== What is needed ==
For every line in the records below that holds "Chairs", make a copy.

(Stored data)
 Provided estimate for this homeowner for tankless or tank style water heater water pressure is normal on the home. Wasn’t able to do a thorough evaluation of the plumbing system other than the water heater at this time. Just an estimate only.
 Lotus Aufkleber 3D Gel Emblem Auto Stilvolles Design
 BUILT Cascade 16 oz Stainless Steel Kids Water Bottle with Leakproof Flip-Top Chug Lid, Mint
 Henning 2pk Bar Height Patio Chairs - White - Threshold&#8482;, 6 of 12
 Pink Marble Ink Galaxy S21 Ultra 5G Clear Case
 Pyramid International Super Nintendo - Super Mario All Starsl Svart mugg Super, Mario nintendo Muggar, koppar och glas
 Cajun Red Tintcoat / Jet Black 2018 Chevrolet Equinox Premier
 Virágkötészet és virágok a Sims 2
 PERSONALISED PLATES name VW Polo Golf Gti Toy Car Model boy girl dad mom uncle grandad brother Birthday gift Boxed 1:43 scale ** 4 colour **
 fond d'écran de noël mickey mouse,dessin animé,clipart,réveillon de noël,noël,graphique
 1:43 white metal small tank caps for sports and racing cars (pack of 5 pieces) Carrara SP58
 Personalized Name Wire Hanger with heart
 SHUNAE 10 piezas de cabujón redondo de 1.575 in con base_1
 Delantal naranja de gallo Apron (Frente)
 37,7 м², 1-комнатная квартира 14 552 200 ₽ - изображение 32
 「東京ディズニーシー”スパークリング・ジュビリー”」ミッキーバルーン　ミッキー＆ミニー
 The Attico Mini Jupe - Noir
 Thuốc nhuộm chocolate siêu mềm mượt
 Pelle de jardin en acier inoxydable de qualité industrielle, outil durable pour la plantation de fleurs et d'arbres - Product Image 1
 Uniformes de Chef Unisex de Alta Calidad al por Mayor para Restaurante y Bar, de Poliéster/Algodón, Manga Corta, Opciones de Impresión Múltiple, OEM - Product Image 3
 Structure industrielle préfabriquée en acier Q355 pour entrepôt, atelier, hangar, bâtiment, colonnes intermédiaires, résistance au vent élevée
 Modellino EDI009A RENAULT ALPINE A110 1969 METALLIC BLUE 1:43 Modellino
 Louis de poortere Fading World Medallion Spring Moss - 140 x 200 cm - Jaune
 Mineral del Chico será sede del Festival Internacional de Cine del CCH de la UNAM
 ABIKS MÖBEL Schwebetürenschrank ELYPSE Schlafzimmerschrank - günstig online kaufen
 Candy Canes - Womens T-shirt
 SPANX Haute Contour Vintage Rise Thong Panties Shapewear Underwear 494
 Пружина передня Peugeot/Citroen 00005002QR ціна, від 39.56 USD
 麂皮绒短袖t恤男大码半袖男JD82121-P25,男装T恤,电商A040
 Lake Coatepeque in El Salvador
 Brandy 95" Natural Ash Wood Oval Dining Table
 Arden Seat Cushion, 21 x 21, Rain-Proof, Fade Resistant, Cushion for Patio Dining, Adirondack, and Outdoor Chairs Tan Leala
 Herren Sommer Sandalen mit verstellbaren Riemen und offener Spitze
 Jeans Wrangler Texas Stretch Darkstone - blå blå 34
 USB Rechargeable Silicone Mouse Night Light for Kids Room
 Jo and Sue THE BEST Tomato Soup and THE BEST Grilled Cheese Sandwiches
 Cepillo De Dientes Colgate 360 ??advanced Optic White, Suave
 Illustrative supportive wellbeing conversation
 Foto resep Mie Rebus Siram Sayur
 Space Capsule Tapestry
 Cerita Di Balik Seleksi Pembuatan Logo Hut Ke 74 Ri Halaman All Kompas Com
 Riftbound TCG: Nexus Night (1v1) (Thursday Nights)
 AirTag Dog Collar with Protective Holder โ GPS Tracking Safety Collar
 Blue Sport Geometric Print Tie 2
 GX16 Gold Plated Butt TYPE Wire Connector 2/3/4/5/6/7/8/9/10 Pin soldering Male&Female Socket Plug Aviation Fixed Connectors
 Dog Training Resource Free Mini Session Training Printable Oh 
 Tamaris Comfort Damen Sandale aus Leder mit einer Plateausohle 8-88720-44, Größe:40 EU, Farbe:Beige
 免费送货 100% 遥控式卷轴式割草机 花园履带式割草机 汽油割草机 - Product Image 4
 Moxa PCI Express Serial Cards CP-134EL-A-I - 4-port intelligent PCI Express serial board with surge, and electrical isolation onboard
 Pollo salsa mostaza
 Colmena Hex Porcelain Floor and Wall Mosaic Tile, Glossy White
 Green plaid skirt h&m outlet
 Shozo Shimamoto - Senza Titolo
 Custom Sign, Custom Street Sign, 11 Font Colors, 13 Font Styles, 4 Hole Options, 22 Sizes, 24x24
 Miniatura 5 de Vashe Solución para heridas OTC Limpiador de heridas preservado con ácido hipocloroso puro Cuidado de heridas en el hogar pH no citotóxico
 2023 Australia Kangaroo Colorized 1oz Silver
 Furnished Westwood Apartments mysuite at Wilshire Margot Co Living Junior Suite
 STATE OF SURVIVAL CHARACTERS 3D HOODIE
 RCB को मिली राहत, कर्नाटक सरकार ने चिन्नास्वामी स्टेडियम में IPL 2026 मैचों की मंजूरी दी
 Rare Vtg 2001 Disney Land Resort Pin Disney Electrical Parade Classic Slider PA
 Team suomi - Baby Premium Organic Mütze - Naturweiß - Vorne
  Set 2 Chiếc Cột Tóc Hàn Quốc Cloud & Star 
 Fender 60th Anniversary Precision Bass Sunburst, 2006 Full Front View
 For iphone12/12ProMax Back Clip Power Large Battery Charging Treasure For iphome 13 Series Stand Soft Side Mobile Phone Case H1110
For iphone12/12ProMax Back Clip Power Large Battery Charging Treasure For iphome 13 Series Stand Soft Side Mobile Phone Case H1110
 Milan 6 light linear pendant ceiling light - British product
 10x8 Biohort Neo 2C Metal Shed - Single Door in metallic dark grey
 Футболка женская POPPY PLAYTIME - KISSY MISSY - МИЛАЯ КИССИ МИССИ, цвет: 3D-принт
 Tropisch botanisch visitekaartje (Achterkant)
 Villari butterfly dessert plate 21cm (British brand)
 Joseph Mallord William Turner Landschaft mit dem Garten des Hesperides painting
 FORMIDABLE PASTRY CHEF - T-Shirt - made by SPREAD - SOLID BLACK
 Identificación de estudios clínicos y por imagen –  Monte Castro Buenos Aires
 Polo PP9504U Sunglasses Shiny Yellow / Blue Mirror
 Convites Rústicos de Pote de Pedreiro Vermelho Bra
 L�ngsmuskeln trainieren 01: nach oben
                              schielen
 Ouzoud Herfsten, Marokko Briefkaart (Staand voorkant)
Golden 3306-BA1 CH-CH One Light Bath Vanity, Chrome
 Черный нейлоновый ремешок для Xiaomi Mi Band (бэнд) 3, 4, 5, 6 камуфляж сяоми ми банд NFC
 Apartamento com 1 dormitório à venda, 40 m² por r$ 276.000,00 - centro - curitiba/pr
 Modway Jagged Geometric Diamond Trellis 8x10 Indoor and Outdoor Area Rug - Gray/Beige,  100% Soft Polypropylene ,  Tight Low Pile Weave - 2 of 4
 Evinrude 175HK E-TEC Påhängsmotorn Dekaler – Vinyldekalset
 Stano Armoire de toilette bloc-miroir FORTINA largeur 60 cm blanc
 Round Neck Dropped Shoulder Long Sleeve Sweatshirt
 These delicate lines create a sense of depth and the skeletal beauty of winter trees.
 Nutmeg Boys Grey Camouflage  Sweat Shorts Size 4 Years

== Result of the exercise ==
 Henning 2pk Bar Height Patio Chairs - White - Threshold&#8482;, 6 of 12
 Arden Seat Cushion, 21 x 21, Rain-Proof, Fade Resistant, Cushion for Patio Dining, Adirondack, and Outdoor Chairs Tan Leala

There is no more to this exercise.